Good day class. Today I'll be discussing how to write a personal mission statement.

You might ask, “Why do I need a personal mission statement?” That is a good question. Some believe a personal mission statement provides you with a sense of clarity and a sense of purpose. Some believe it helps define who you are and how you live. Some believe it helps win a job interview or otherwise succeed at endeavors. Others like me believe if you seriously think you need a mission statement, what you really need is to ditch your job for a few hours and get a hobby.

Serious or not, many will agree a personal mission statement will aid you obtaining employment in the corporate world as an obedient company zombie. And by further blurring the line between “company” and “person,” having a personal mission statement can be useful to prove you are actually a company when taken to trial for polluting, stealing, or causing grievous bodily injury, particularly if your mission statement declares you are against such things. Your mission statement may be the legally deciding difference between you as a felonious person, or acting as an agent in good faith of your felonious corporate personhood.

Your mission statement can also be thought of as a part of your personal “brand” - useful if you view yourself as a salable object like a prostitute or politician. It defines for you a rank above the lowly consumer, the average schmuck, one of the masses. It also helps you decide who to socialize with, namely, others with personal mission statements.

To write an effective mission statement, you will need to start with markety, overused, and obnoxious corporate sounding words. Some examples include: “solution,” “paradigm,” and “technology.” You will need to arrange the words into a pithy and impressive sounding phrase, keeping it personal, but without saying anything definitive, specific, or intelligible. Some examples would be: “Providing technology aware personal solutions for modern paradigms,” and “Providing personal paradigms for modern technology aware solutions,” and “Providing modern solutions for technology aware personal paradigms.”
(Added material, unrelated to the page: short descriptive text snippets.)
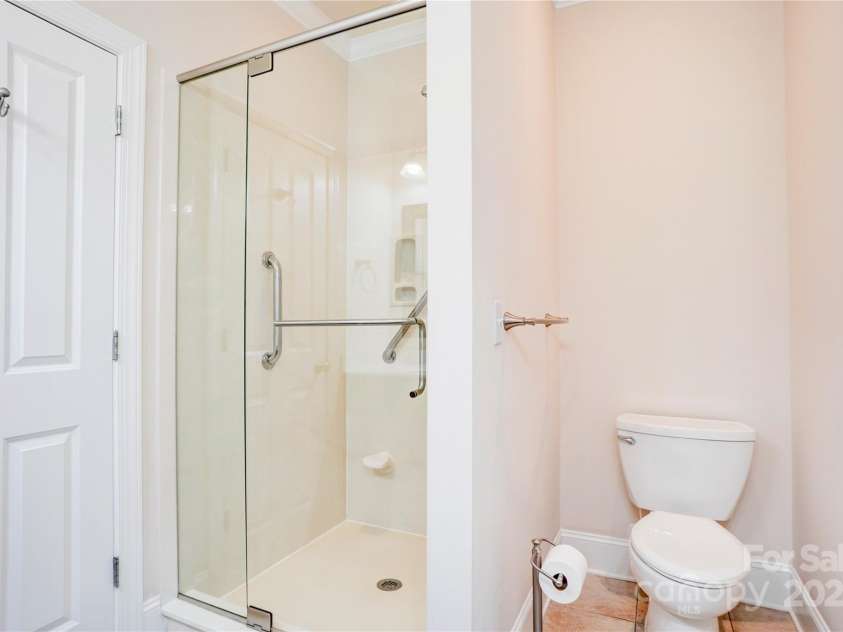 216 Harrison Lane, Locust, NC 28097.  MLS# CAR4244382, YatesRealty ID 21537. Primary suite bath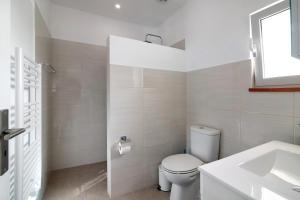 a white bathroom with a toilet and a sink at Adelino Guest House in Olhão +19 photos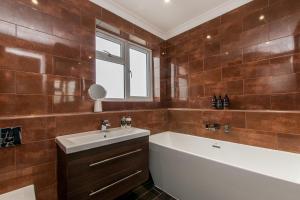 a bathroom with a tub and a sink and a bath tubermottermott at Luxury Beach Escape Pool Table & Private Parking in Broadstairs +14 photos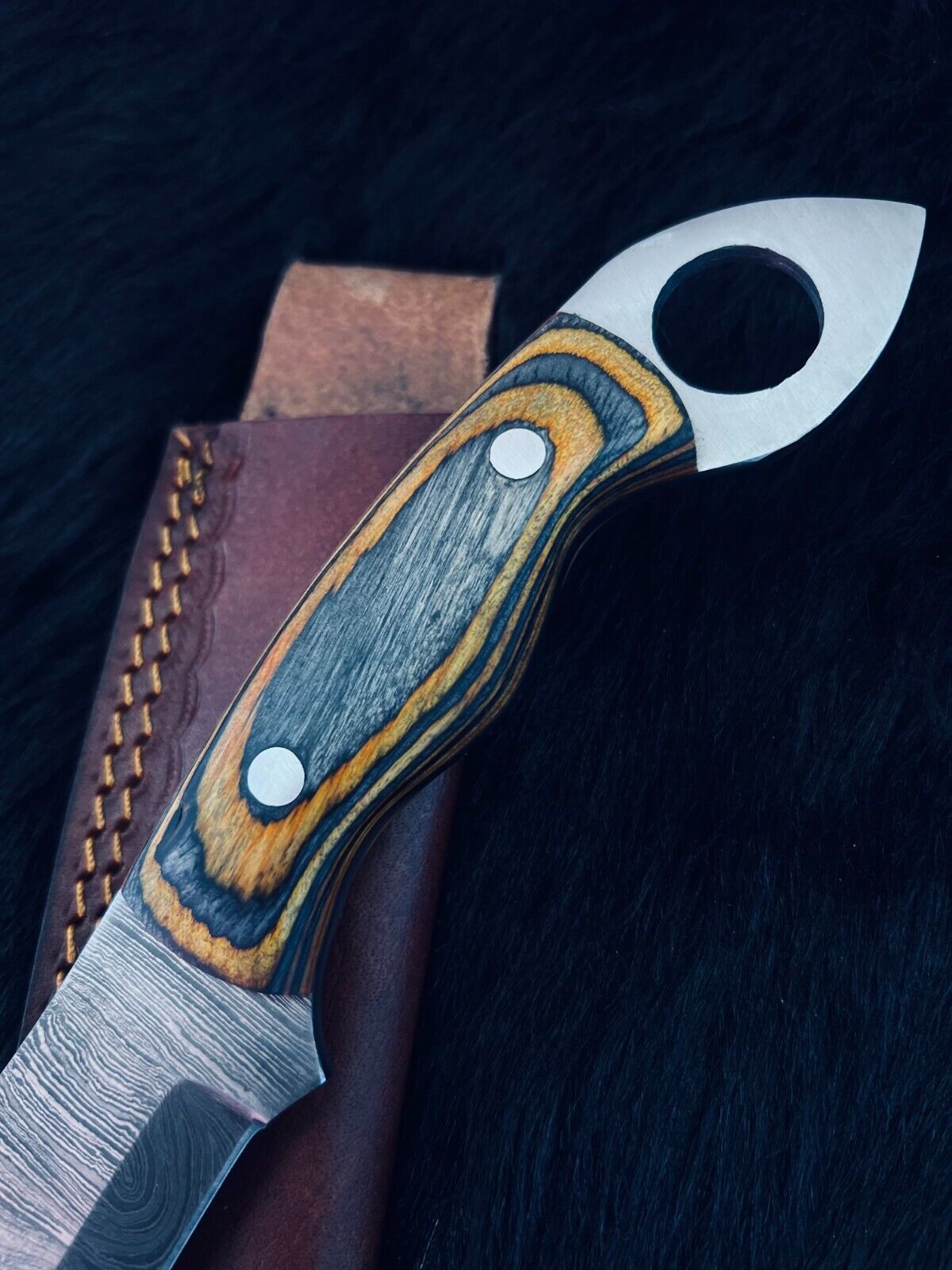 Heritage Forge 10.5 Inch Twist Damascus Steel Bowie Knife with Camel Bone and Wood Handle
Note in the above examples, the statements are grounded in the present, yet future oriented. They contain no traces of past achievements, because, what are past achievements other than relics of a former time? They are not reminders of what you can do, they are reminders of what you are not doing today.

Regardless of what vapid corporate terminology you use, the key to writing a successful mission statement is not to dumb down an idea, but to leap further and remove all traces of any ideas. If you find it difficult to reduce a complex person such as yourself down to a meaningless slogan, remember, you are not a complex person anymore, you have become a corporate person. Your goal is to impress other corporate-types with an impressive-sounding sentence fragment, and ideas only distract from the desired focus, muddy your statement with meaning, and force the reader to think. Your goal should be to preclude thought; one method is to fit your mission statement in a single line of a presentation slide, since many corporate-types seem to be too busy or ignorant to read anything more complicated.

Once your mission statement is complete, don’t worry about upholding its mandate; if you successfully crafted your statement, there will be nothing you will need to live up to.

Class dismissed.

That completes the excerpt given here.